Problem description> Your answer must be the exact lines below, starting with the line with "All right. So" and going on through the line with "After logging in", both included, with no pictures.

Record set>
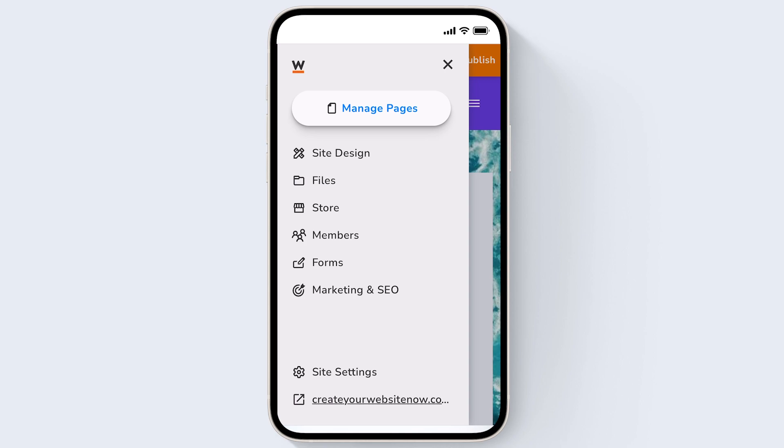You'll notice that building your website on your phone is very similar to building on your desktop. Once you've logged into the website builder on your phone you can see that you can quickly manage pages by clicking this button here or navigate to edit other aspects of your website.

---

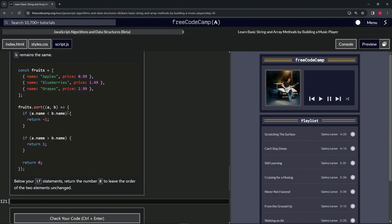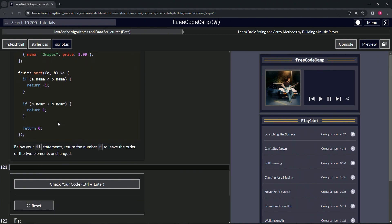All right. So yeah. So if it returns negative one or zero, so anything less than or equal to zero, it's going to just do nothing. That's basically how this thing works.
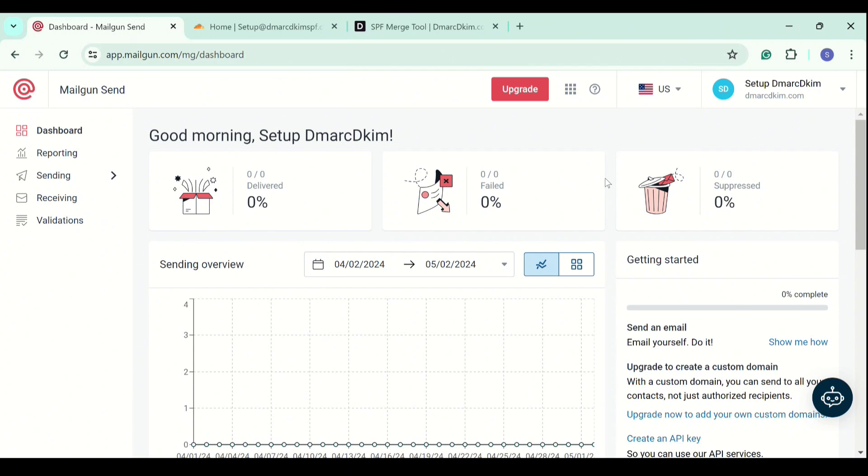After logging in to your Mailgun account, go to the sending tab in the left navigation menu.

Your response>
All right. So yeah. So if it returns negative one or zero, so anything less than or equal to zero, it's going to just do nothing. That's basically how this thing works.
After logging in to your Mailgun account, go to the sending tab in the left navigation menu.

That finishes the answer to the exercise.